_PROBLEM TO WORK ON_
Beginning at the line that contains "Sage Cactus 1" and finishing at the line that contains "170 pound Tarpon", output the data below exactly. Include both end lines and no pictures.

====== MATERIAL PROVIDED ======

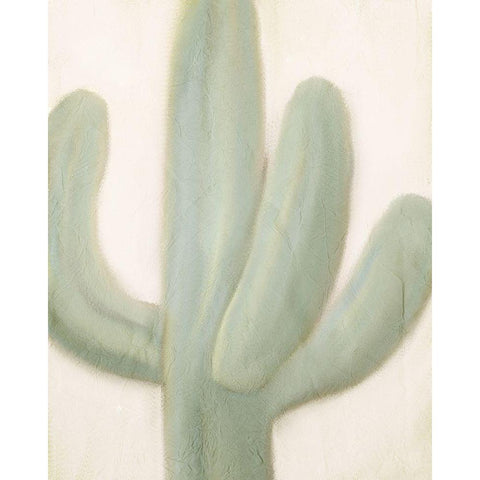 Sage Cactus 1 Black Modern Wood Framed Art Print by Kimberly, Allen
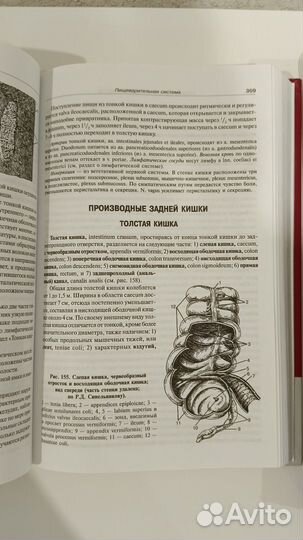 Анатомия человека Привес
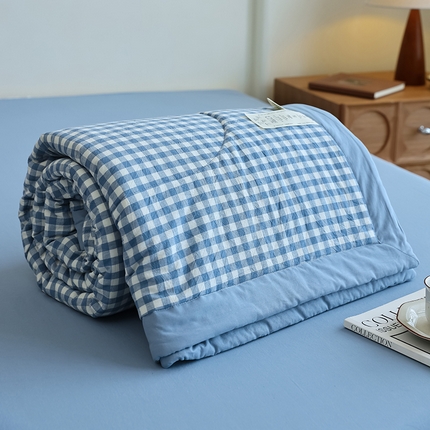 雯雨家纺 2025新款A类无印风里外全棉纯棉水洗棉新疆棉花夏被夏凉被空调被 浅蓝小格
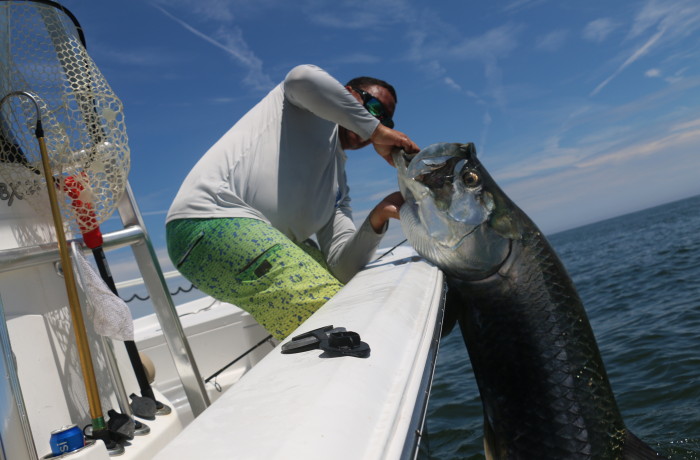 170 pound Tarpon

======
====== MATERIAL PROVIDED ======

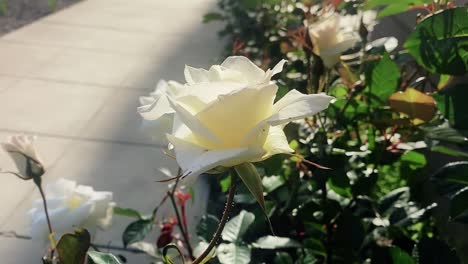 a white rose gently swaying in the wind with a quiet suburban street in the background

======
====== MATERIAL PROVIDED ======

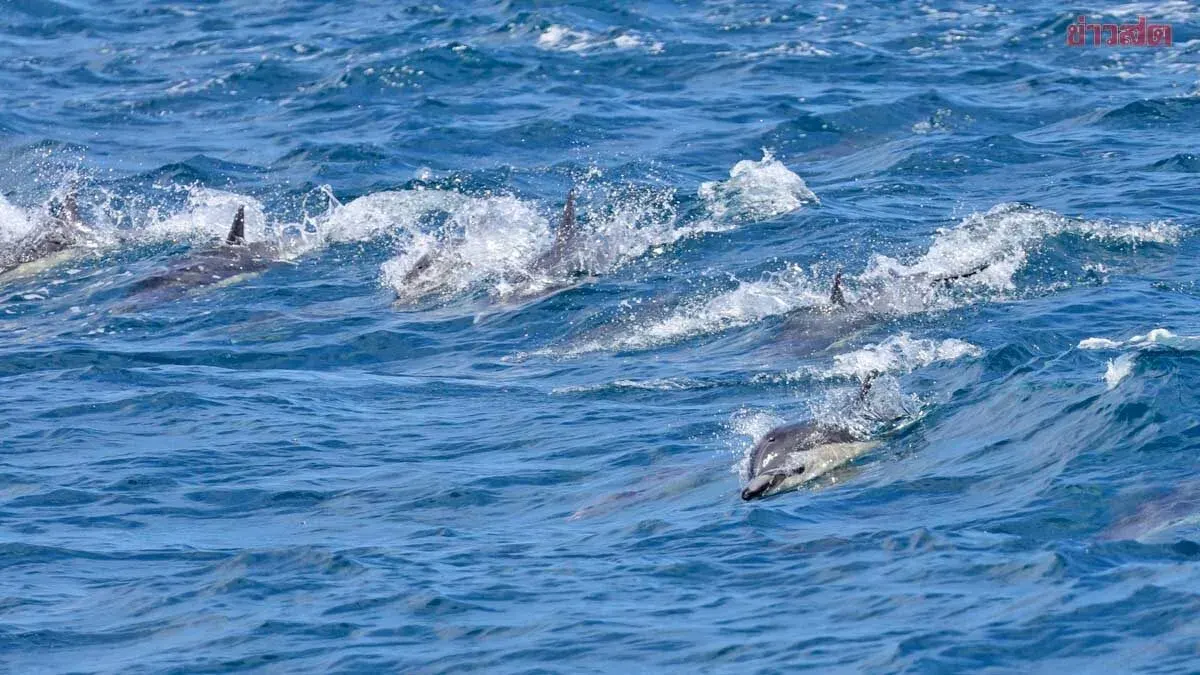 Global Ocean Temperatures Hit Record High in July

======

_SOLUTION BELOW_
 Sage Cactus 1 Black Modern Wood Framed Art Print by Kimberly, Allen
 Анатомия человека Привес
 雯雨家纺 2025新款A类无印风里外全棉纯棉水洗棉新疆棉花夏被夏凉被空调被 浅蓝小格
 170 pound Tarpon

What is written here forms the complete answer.